▶ [DATA SUPPLIED]:
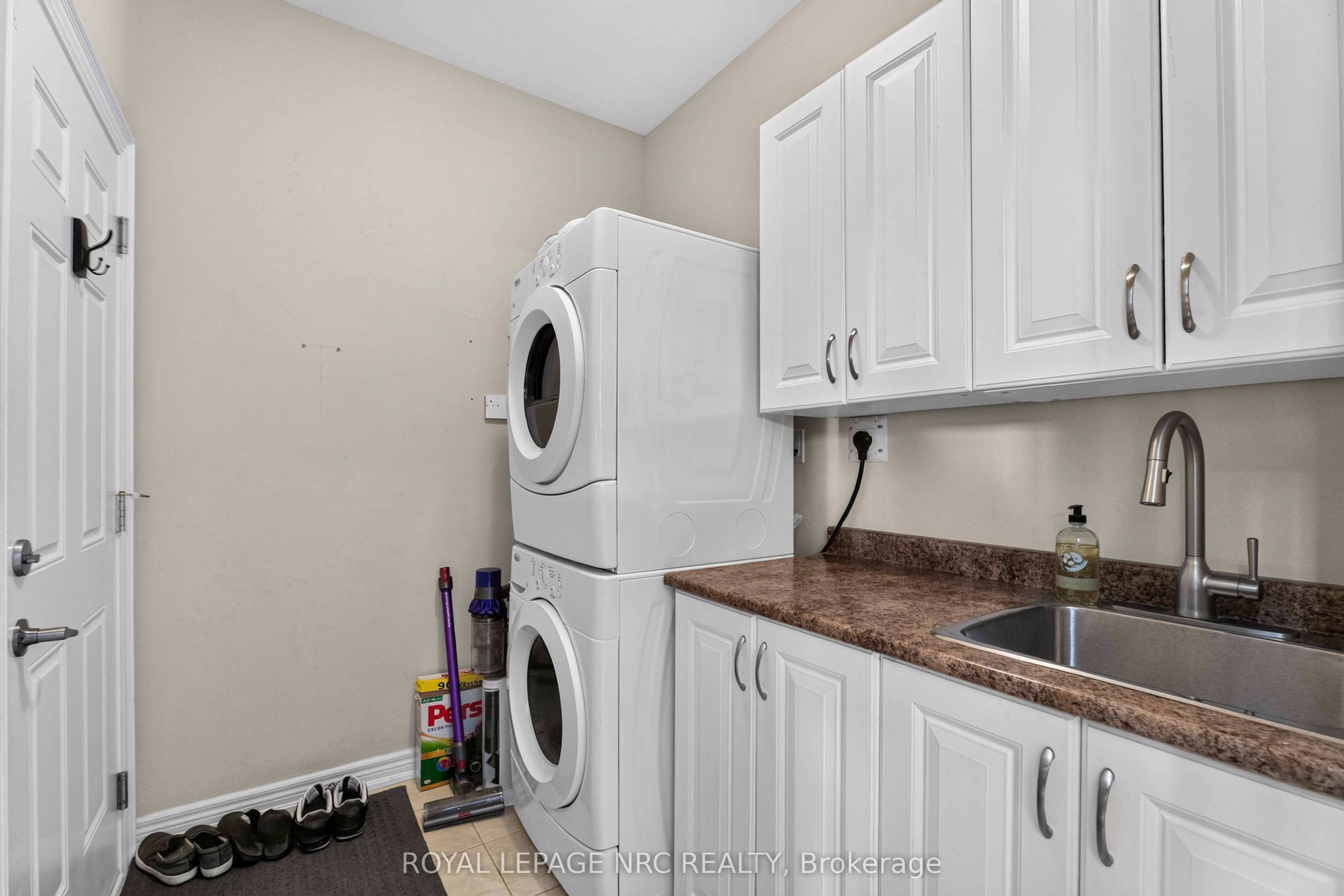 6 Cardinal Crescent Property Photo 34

--

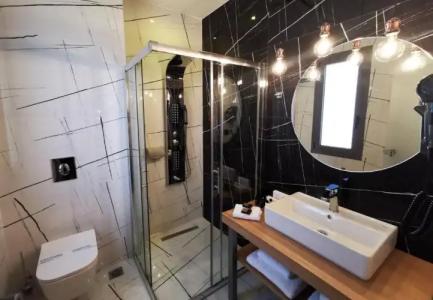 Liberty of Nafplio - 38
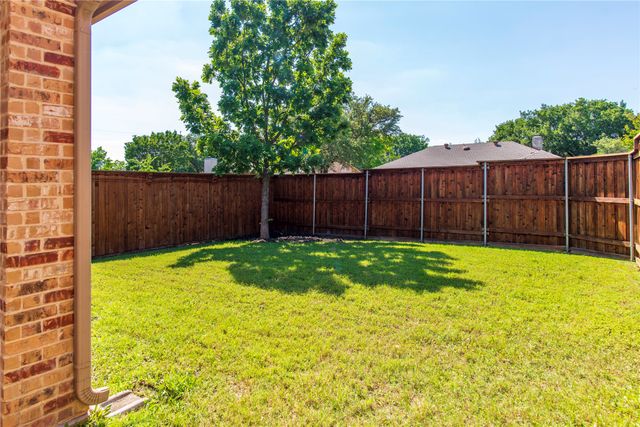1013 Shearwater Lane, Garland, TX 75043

▶ [WHAT THE TASK REQUIRES]: The reply should hold exactly the lines above, starting at the line with "Liberty of Nafplio - 38" and ending at the line with "1013 Shearwater Lane, Garland, TX 75043", and no pictures.

▶ [ANSWER TO THE EXERCISE]:
 Liberty of Nafplio - 38
1013 Shearwater Lane, Garland, TX 75043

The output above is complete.